--- SUPPLIED MATERIAL ---
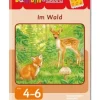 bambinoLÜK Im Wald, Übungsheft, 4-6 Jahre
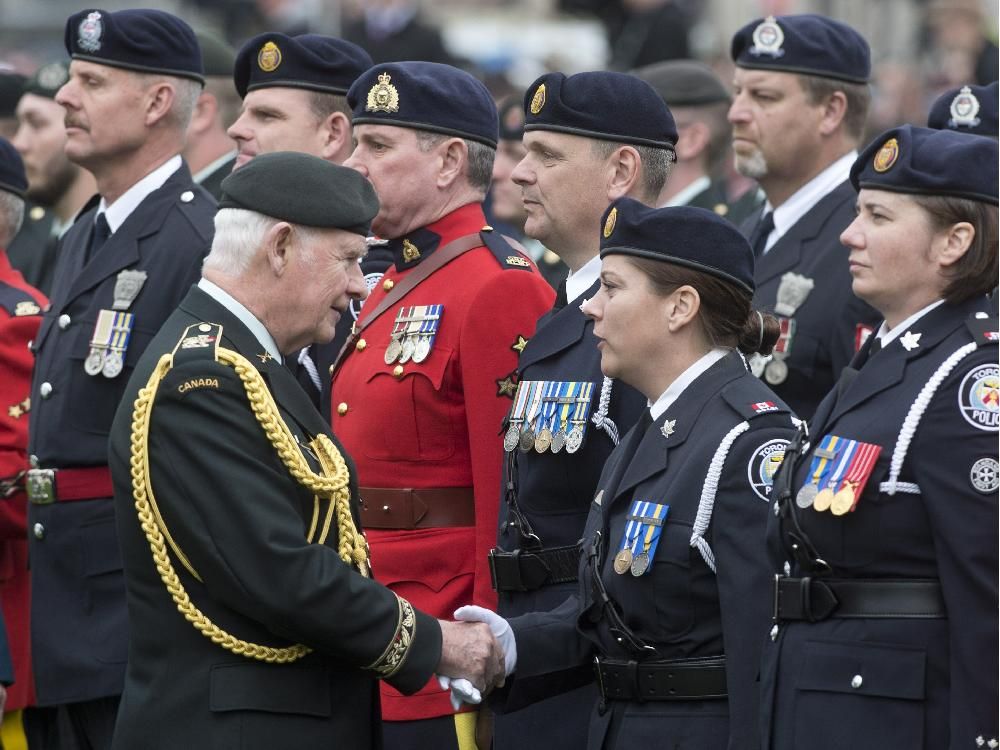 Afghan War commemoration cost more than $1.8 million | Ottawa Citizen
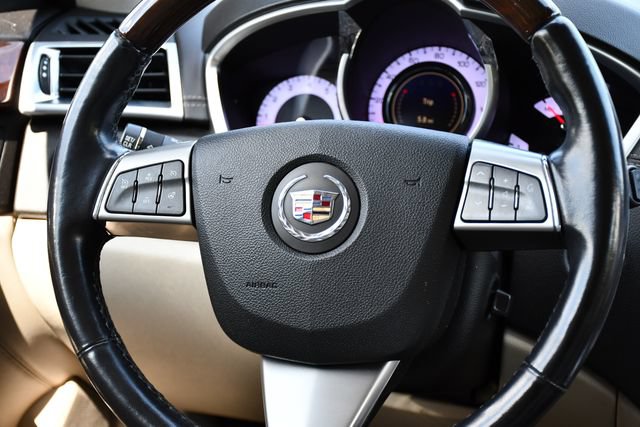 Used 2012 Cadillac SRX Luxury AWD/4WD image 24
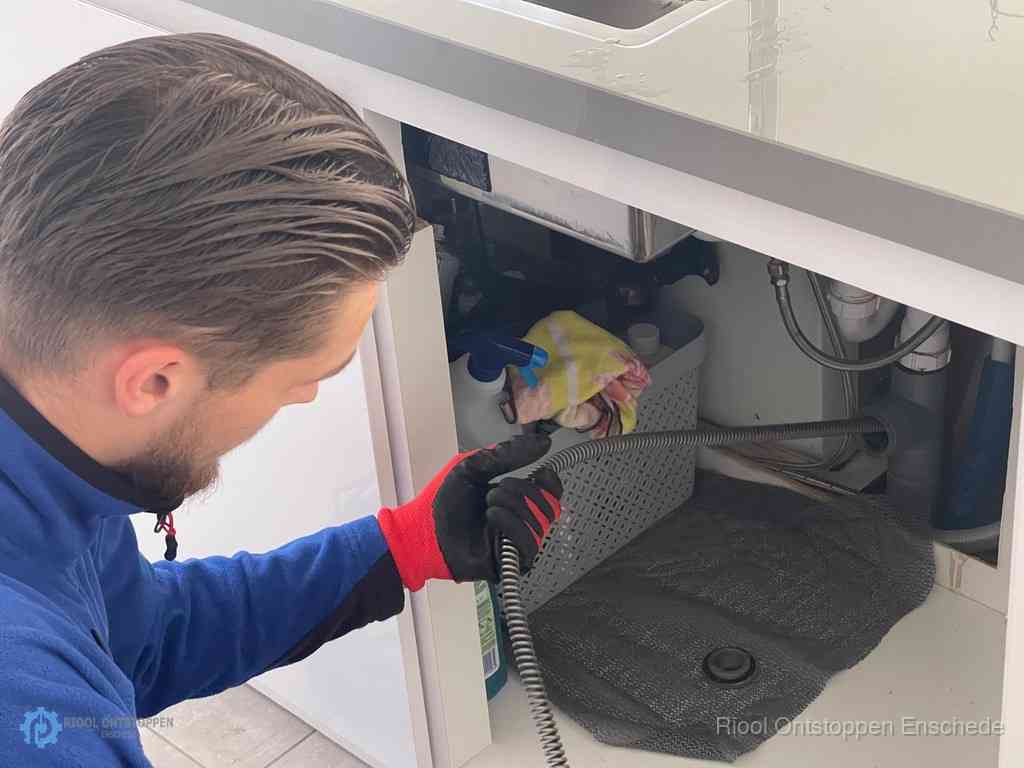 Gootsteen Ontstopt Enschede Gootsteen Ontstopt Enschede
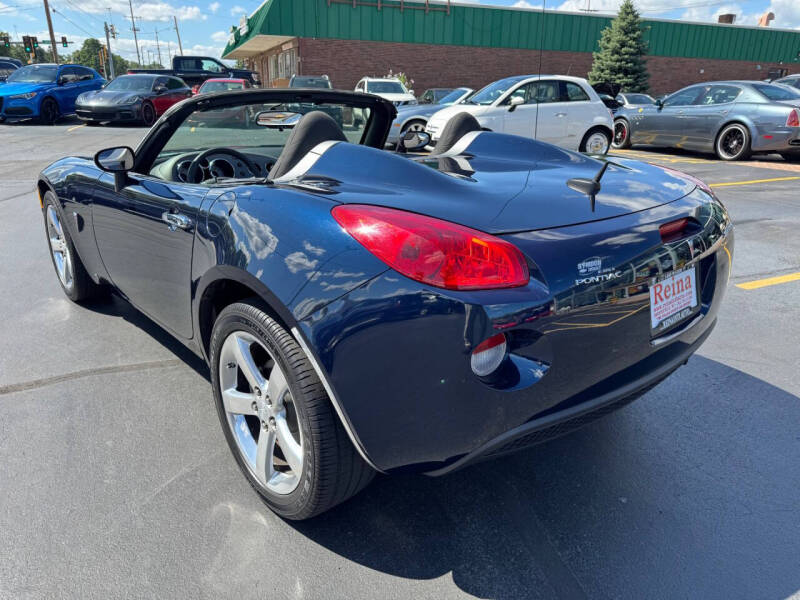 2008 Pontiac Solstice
---
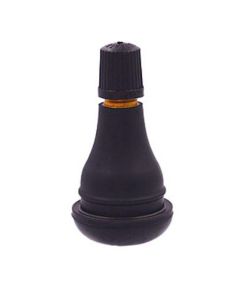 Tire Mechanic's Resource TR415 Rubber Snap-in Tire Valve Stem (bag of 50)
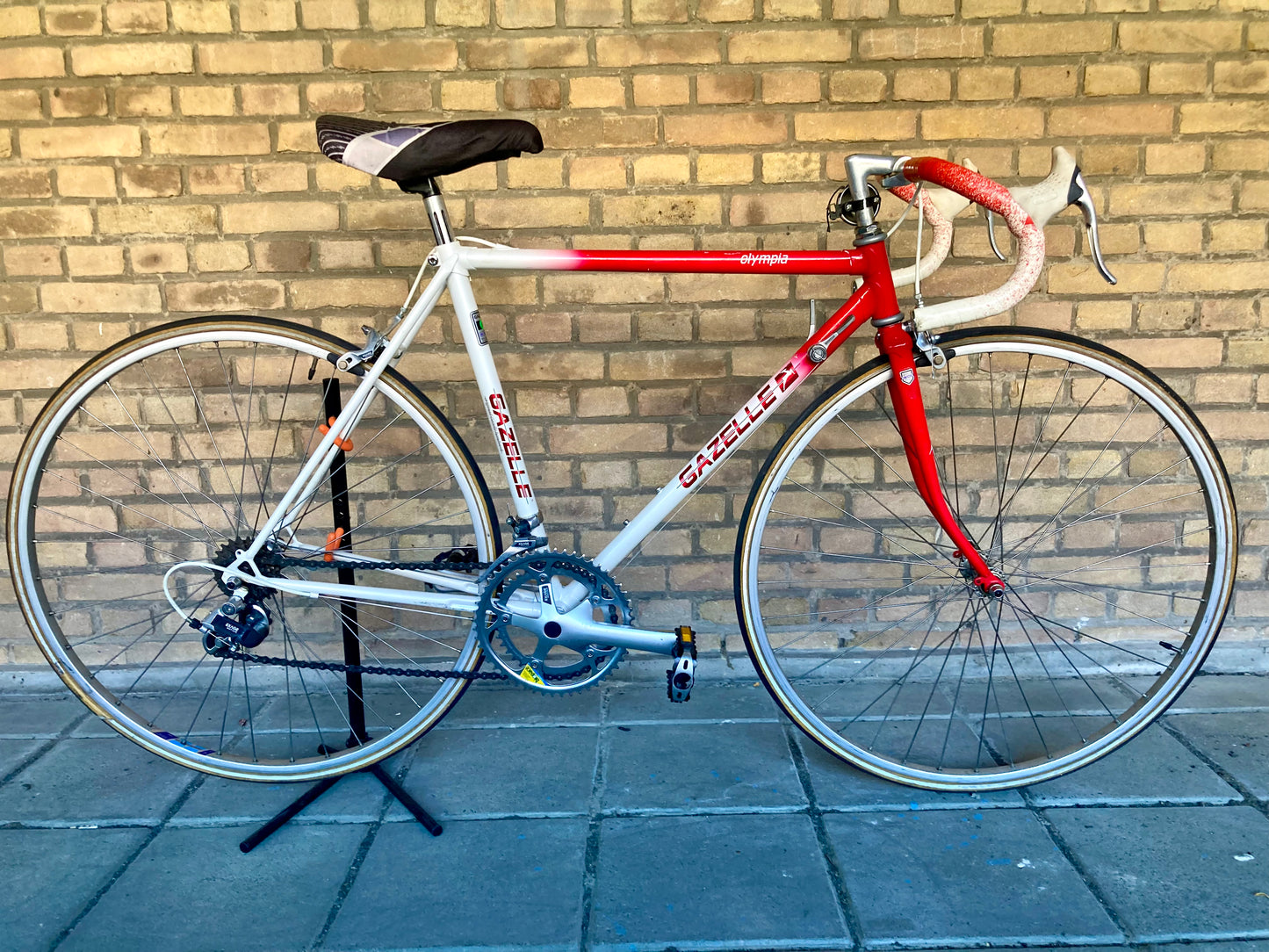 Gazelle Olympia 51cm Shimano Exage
...
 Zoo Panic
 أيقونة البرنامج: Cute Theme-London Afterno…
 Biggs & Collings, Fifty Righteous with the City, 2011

--- YOUR INSTRUCTIONS ---
Only one stretch of the data is wanted: write out exactly the lines from the one holding "Afghan War commemoration" through the one holding "2008 Pontiac Solstice", both included, without the pictures.

--- EXPECTED ANSWER ---
 Afghan War commemoration cost more than $1.8 million | Ottawa Citizen
 Used 2012 Cadillac SRX Luxury AWD/4WD image 24
 Gootsteen Ontstopt Enschede Gootsteen Ontstopt Enschede
 2008 Pontiac Solstice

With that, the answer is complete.